Sin duda, Asimov liquidó la imagen primitiva del robot y consiguió establecer un patrón de conducta que asumió el resto de la cultura popular. No olvidemos que las tres leyes robóticas son el credo de casi todos estos artilugios en el cine y la televisión desde que el robot Robby manifestó su obediencia en Planeta Prohibido (1956).
No obstante, a medida que en la obra de Asimov fueron apareciendo robots más próximos a la identidad humana ‒pienso en El hombre del bicentenario (1976) o en Robots e Imperio (1985)‒, los desafíos que tendrían ‒o tendrán‒ que afrontar las tres leyes se evidenciaron cada vez más.
Cuando en 1989 salió a la venta Foundation’s Friends, Stories in Honor of Isaac Asimov, pudimos leer una serie de homenajes literarios al novelista. Tras un preámbulo de Ray Bradbury, el volumen incluye relatos y artículos de Poul Anderson, Robert Silverberg, Frederik Pohl, Harry Turtledove y Orson Scott Card, entre otros. En todo caso, el más interesante en el área que nos ocupa es «The Fourth Law of Robotics», un cuento de Harry Harrison que nos permite recordar a dos de los personajes más conocidos de Asimov, el ingeniero Mike Donovan y la robopsicóloga Susan Calvin.
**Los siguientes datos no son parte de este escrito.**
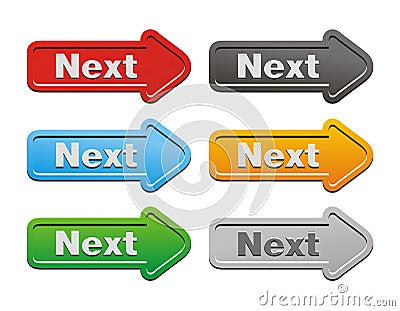 Next button sets - arrow buttons Stock Photo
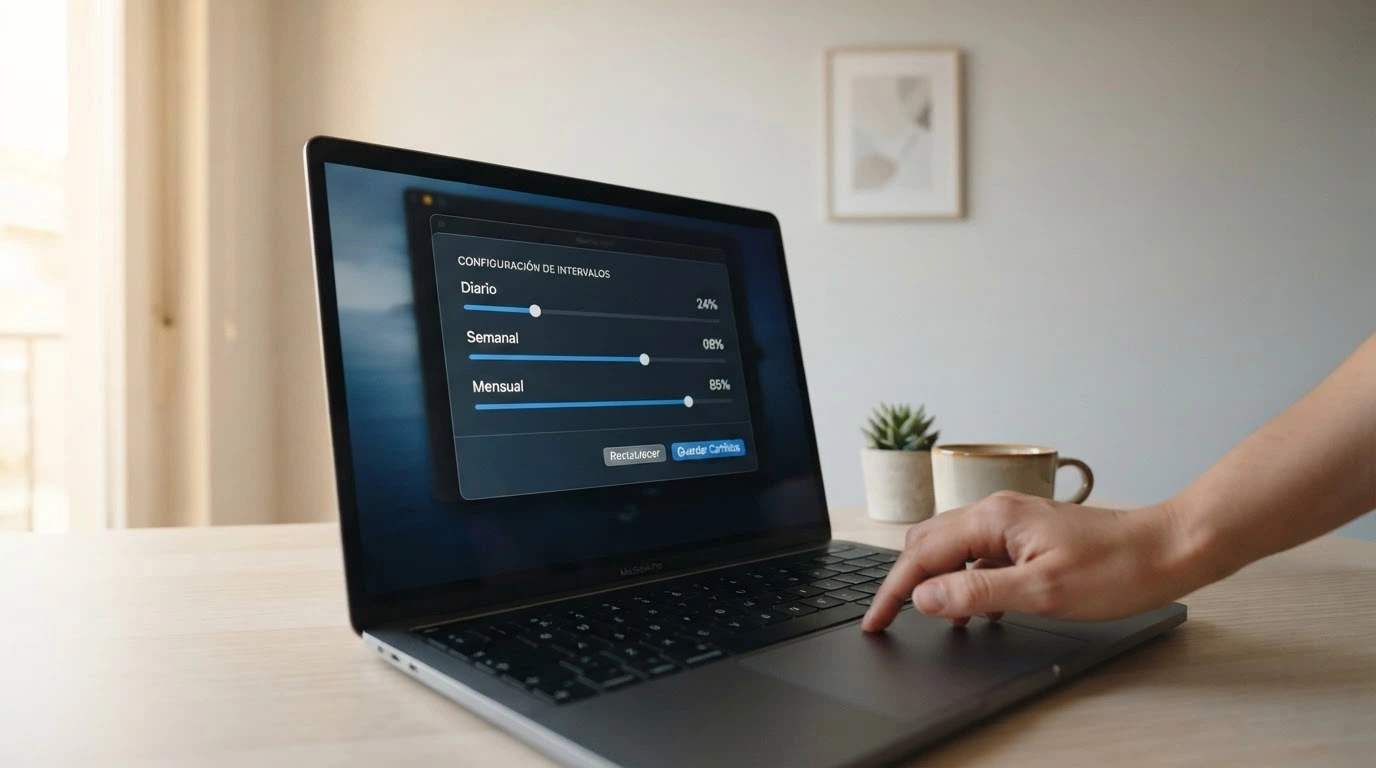 Panel de control de límites de depósito en un casino online con los umbrales diario, semanal y mensual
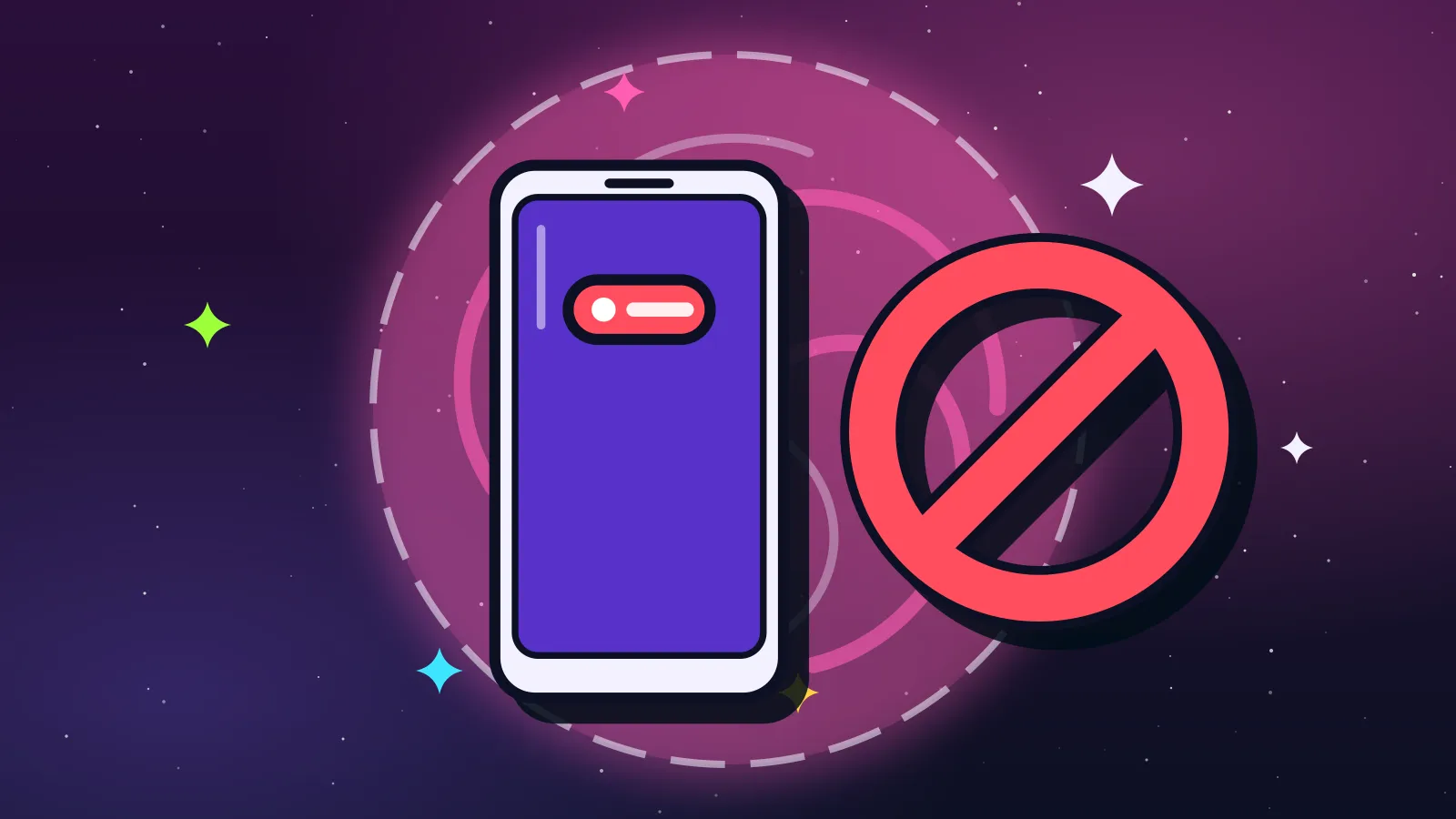 Ilustración de un celular con insignia de transmisión en vivo junto a una gran señal roja de prohibido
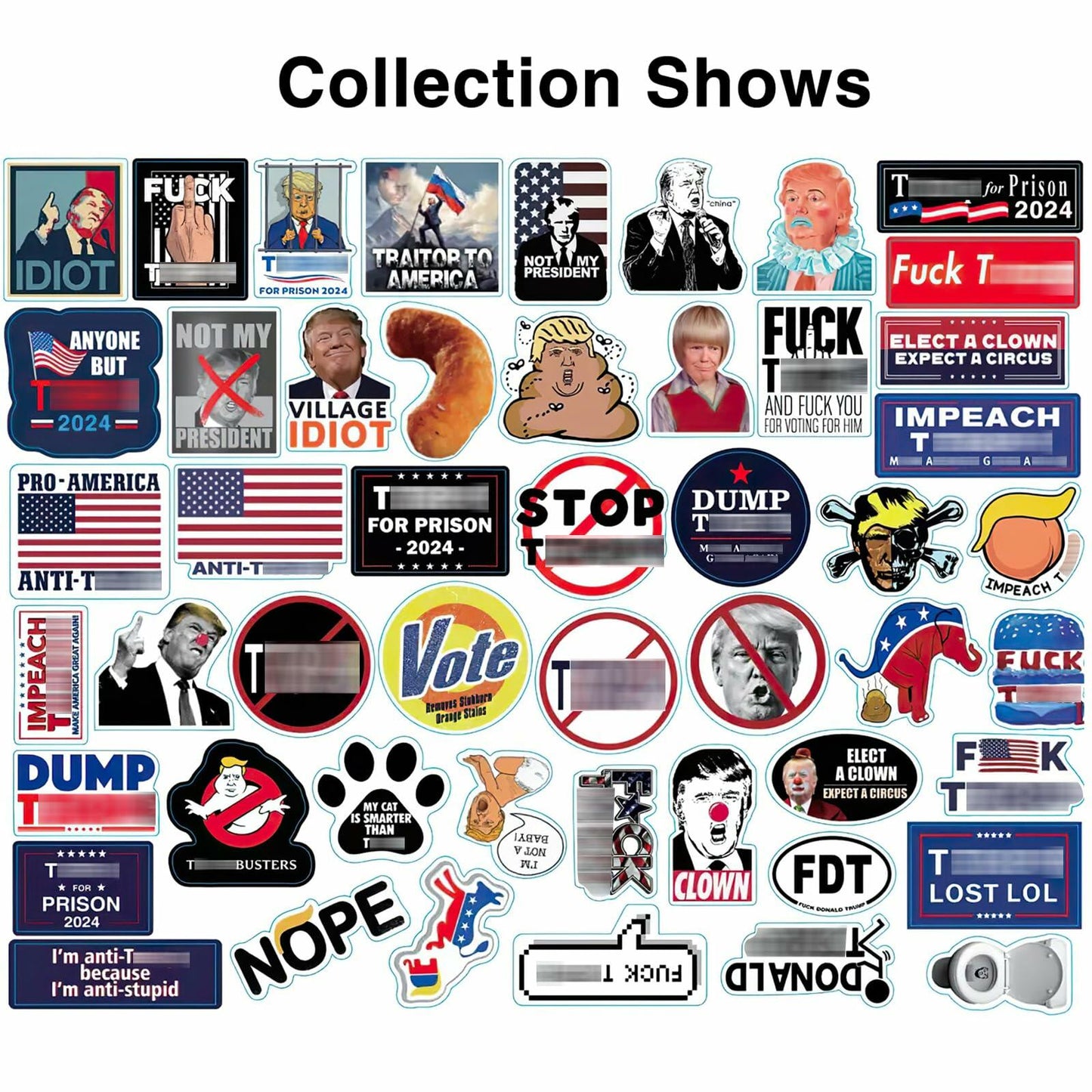 GTOTd Anti President Trump Stickers 50pcs Large Size Decals for Laptop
La cuarta ley propuesta por Harrison en ese cuento dice así: «Un robot debe reproducirse, siempre que dicha reproducción no interfiera con la primera, la segunda o la tercera Ley».
Aunque parezca una ironía por parte del autor, lo cierto es que este cuarto mandamiento es de suma importancia si hablamos de inteligencia artificial y de un futuro en el que los robots diseñarán y fabricarán nuevos modelos. Dicho de otro modo: un futuro en el que construirán su propio linaje y guiarán su evolución.
Todo ello nos saca de la ficción para introducirnos en un área real y menos especulativa de lo que se cree. En esa línea de pensamiento se mueven teóricos de la robótica contemporánea como Hans Moravec, un firme partidario de la vigencia de las tres leyes a la hora de crear nuevos dispositivos.
En el fondo, la intuición de Asimov ha acabado convirtiéndose en un esquema ético sobre el que aún reflexionan los ingenieros. Así lo demuestra el hecho de que, en marzo de 2007, el Gobierno de Corea del Sur anunciase una serie de normas inspiradas en las tres leyes. El portavoz de aquella propuesta institucional, Park Hye-Young, justificó esas precauciones frente a los micrófonos de la agencia AFP. «Imagine ‒dijo‒ que llegue a haber propietarios de robots que los traten como su las máquinas fueran sus esposas. Otros puede que lleguen a volverse adictos a la interacción con los robots del mismo modo en que hay internautas enganchados al ciberespacio».
Ese porvenir anunciado por Hye-Young está muy cerca de nosotros. De ahí que hoy, varios años después, uno lea su borrador con la seguridad de que anunciaba retos que aún no hemos asumido del todo: «En el siglo XXI ‒leemos en ese texto de 2007‒, la humanidad coexistirá con la primera inteligencia no humana con la que establecerá contacto: los robots. Será un evento lleno de problemas éticos, sociales y económicos».
Como ven, todo gira alrededor de cuestiones éticas, y por eso mismo, la mejor forma de agradecer a Asimov su clarividencia consiste en someter a escrutinio sus leyes.
Sobre todo, hemos de hacerlo antes de que el futuro nos alcance, y en esta era de vértigo y aceleración, salgan a nuestro encuentro inteligencias artificiales capaces de elegir su comportamiento a un nivel sobrehumano.